**Data**

◇ ◇ ◇ ◇ ◇

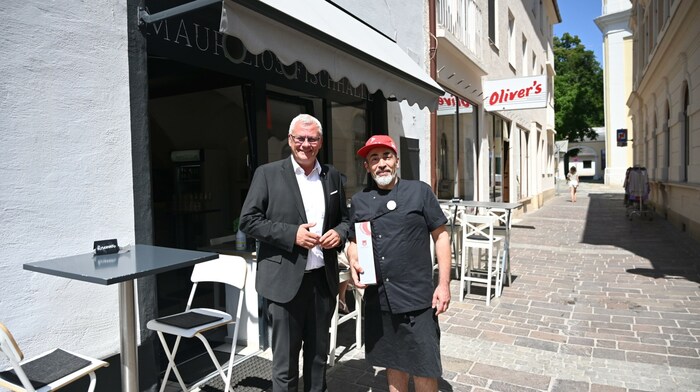 Thomas Steiner mit Maurizio, der mit seiner Fischhalle für Furore sorgt.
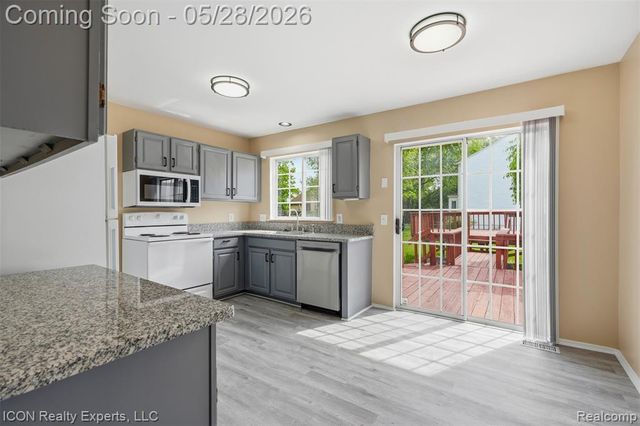 1028 Knightsbridge Road, Canton, MI 48187
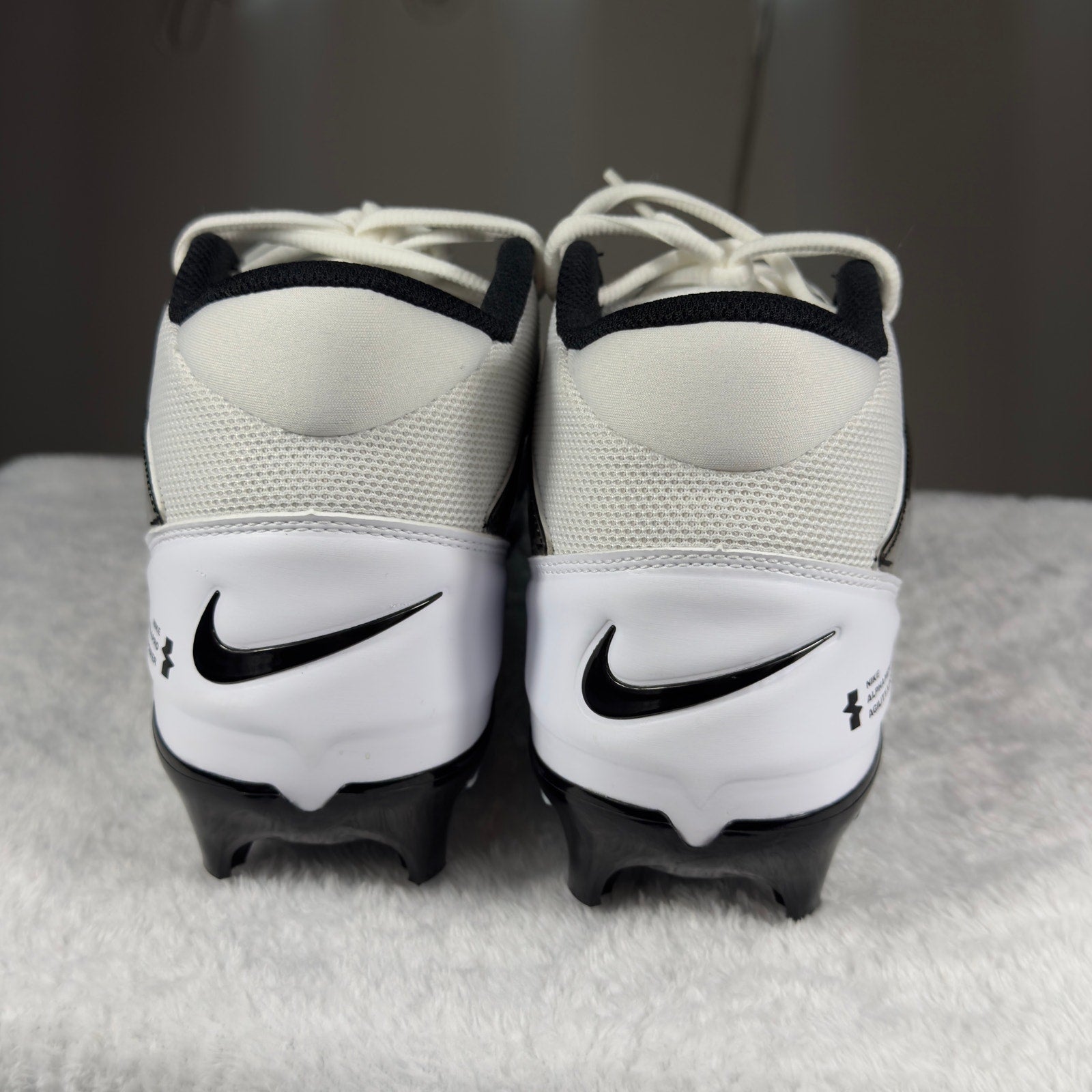 Nike Alpha Menace 4 Pro Football Cleats White Black HF4555-100 Sz 12.5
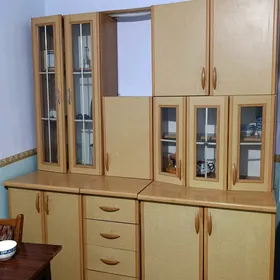 KUHNÝA КУХНЯ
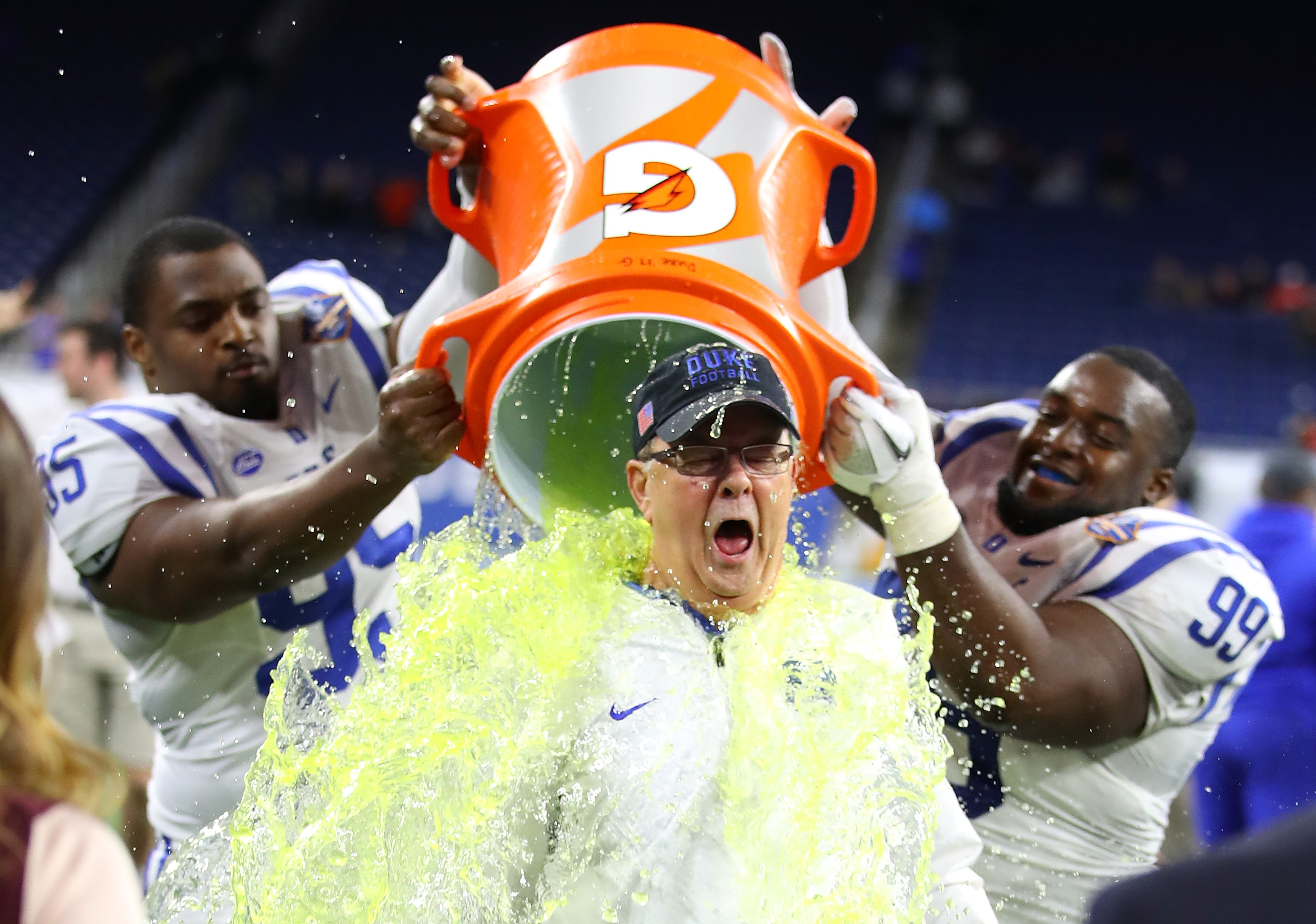 Super Bowl Gatorade Showers Pictures Gallery - Getty Images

◇ ◇ ◇ ◇ ◇

**Exercise**
Verbatim repeat, images removed: give each entry again exactly as it reads.

**Answer to this exercise**
 Thomas Steiner mit Maurizio, der mit seiner Fischhalle für Furore sorgt.
 1028 Knightsbridge Road, Canton, MI 48187
 Nike Alpha Menace 4 Pro Football Cleats White Black HF4555-100 Sz 12.5
 KUHNÝA КУХНЯ
 Super Bowl Gatorade Showers Pictures Gallery - Getty Images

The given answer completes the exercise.